== Segment start ==

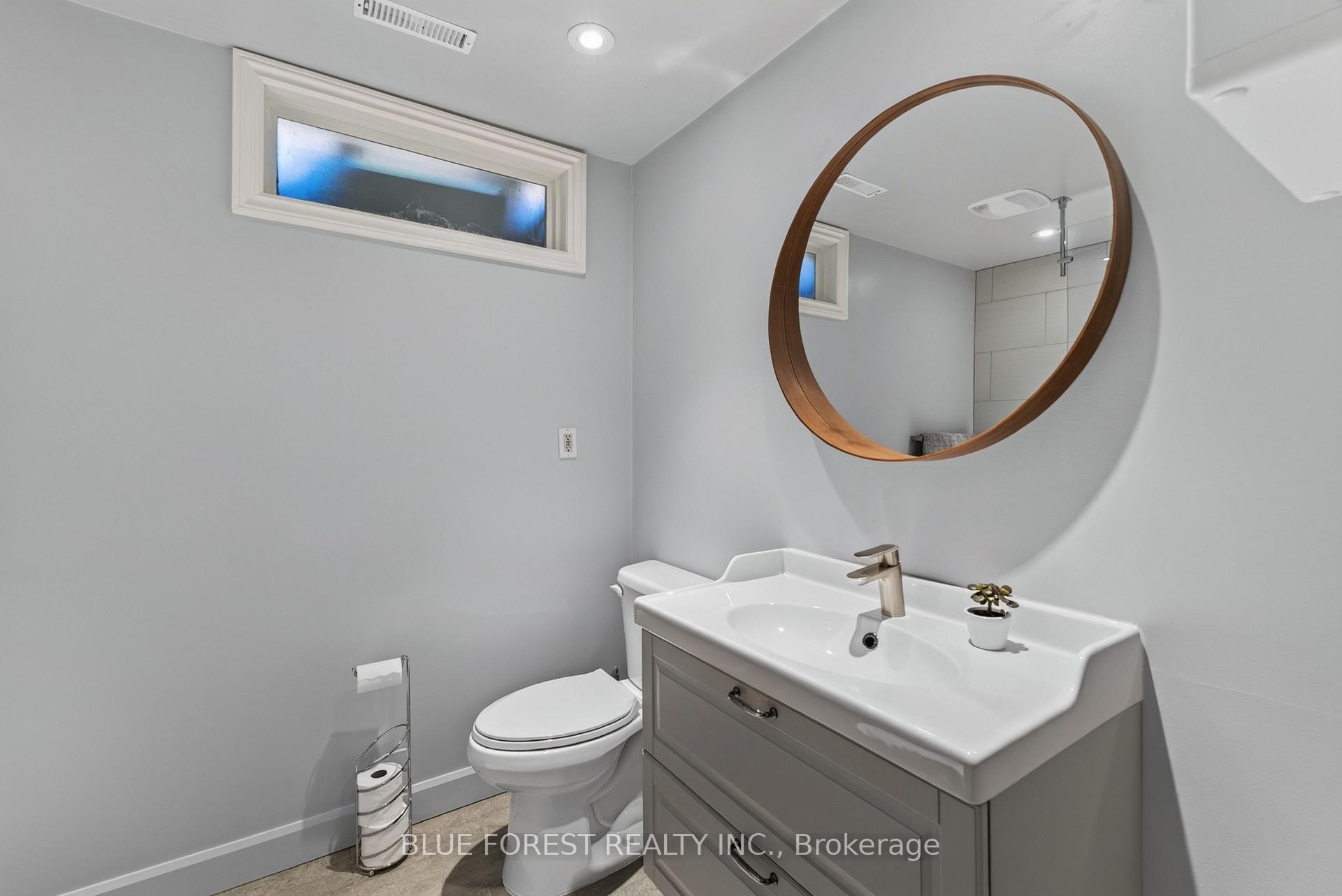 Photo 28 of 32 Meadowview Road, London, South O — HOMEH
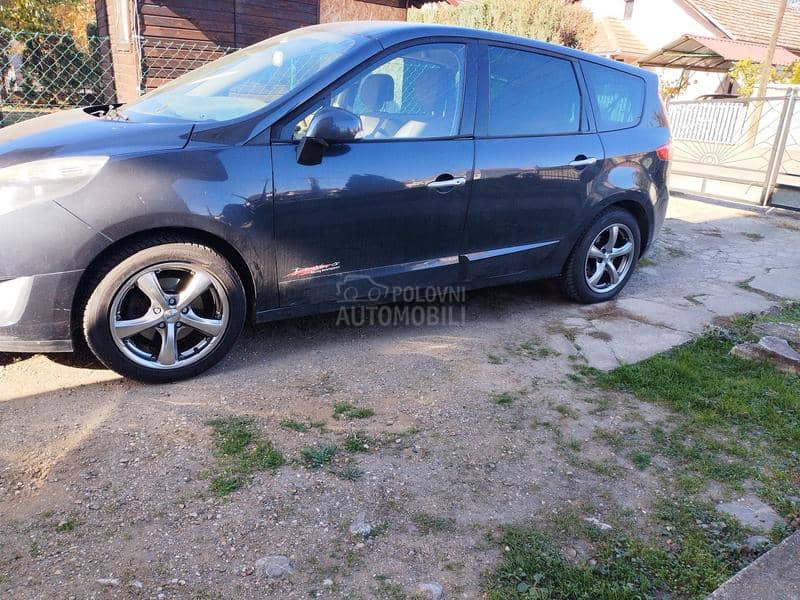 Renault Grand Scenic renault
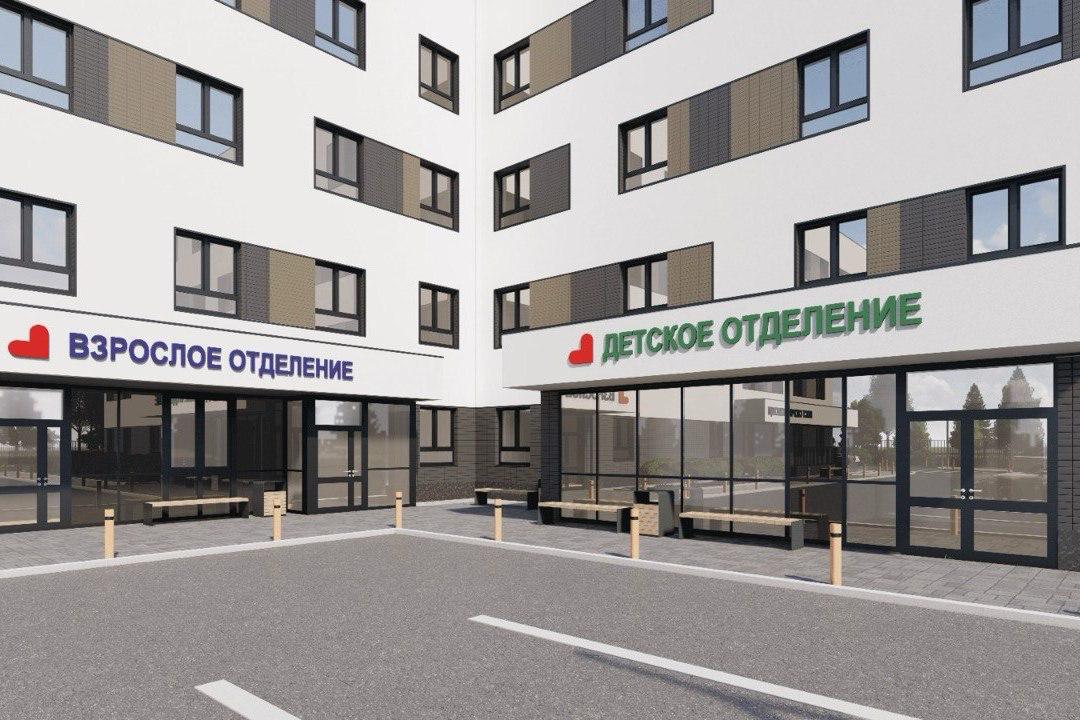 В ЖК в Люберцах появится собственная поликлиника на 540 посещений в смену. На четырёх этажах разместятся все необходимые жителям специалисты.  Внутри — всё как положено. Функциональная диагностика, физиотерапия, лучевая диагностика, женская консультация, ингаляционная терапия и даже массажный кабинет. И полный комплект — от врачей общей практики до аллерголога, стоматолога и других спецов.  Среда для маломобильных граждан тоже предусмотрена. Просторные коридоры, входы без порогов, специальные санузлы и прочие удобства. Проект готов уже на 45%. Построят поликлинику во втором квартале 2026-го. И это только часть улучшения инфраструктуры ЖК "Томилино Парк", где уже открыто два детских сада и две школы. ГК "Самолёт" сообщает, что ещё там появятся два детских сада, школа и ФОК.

== Segment end ==

Task to carry out: Nothing should appear in the answer except the lines from the first line of the data through the line holding "Renault Grand Scenic renault", exactly as written, with pictures left out.

Response area:
 Photo 28 of 32 Meadowview Road, London, South O — HOMEH
 Renault Grand Scenic renault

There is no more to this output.